The invention belongs to the technical field of ceramic preparation, and particularly relates to a method for loading cesium nitrate on ceramic microspheres. The invention provides a method for loading cesium nitrate by ceramic microspheres, which comprises the following steps: (1) Sequentially performing trichloroethylene washing and ammonia water washing treatment on the gel microspheres to obtain wet gel microspheres; (2) Placing the wet gel microspheres obtained in the step (1) in cesium nitrate solution for soaking and adsorbing; (3) And (3) soaking the gel microsphere adsorbed with cesium nitrate obtained in the step (2) in propylene glycol methyl ether, and then drying and calcining. The ceramic microsphere obtained by the method has large metal cesium loading capacity, smooth surface, no cracking and simple operation.
Description
Technical Field
The invention belongs to the technical field of ceramic preparation, and particularly relates to a method for loading cesium nitrate on ceramic microspheres.
Background
The conventional radioactive material is treated by solidification of glass, for example, cesium nitrate containing Cs137 in yttrium stabilized zirconia (abbreviated as YSZ). Moreover, cesium nitrate is supported in yttrium-stabilized zirconia, which is of great research value for observing the release behavior of fission products. However, nuclear glass corrosion caused by aqueous medium easily occurs in the glass treatment process, so that cesium nitrate migrates to the biosphere, and life safety of people is threatened.
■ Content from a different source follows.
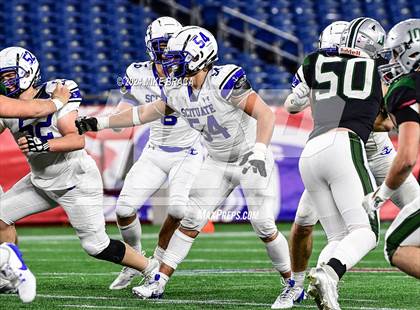 Thumbnail 2 in Scituate vs Duxbury (MIAA Division 4 Final) photogallery.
Since cesium compounds are generally soluble in water, researchers have commonly used "dry" to load cesium nitrate in zirconia, such as by using zirconia, cesium carbonate or cesium nitrate powders in combination with classical ceramic processes (powder milling-granulation-sintering in air), to load cesium nitrate in zirconia. The cesium nitrate is unevenly distributed by the method, and the prepared ceramic microspheres have uniform size. Some researchers load cesium nitrate by ion implantation, namely, a cesium source is implanted into zirconia microspheres in the form of ions and then heat treatment is carried out, and the method is simple to operate, but the implantation depth is shallow, only a few micrometers, and the cesium nitrate load is not high. Some researchers load cesium nitrate by immersing zirconia microspheres in cesium salt, and then calcining, but the adsorption capacity of cesium nitrate is poor and the load of cesium nitrate is not large because the pore channels of zirconia microspheres are basically closed.
Disclosure of Invention
The present invention has been made based on the findings and knowledge of the inventors regarding the following facts and problems:
cesium nitrate is readily soluble in water and direct loading of cesium nitrate in sol gel processes is not feasible, and cesium nitrate is lost in large amounts in water. And the adsorption method is adopted, the cesium nitrate solution is impregnated with the dried gel microspheres to adsorb cesium nitrate, the dried gel microspheres need to be dried for the second time after adsorbing cesium nitrate, the pore channels of the gel microspheres after the second drying are basically closed, and the gas decomposed by organic matters in the gel microspheres in the high-temperature calcination process can not be discharged, so that the microspheres can be cracked due to excessive internal pressure.
The existing treatment method has the defects of uneven cesium nitrate distribution or low cesium nitrate load, and is difficult to obtain the YSZ ceramic microspheres with smooth surfaces, no cracking and high cesium nitrate load. In order to obtain cesium nitrate-loaded ceramic microspheres without cracking, a method for loading cesium nitrate to ceramic microspheres is needed to solve the difficulty of ceramic curing cesium nitrate.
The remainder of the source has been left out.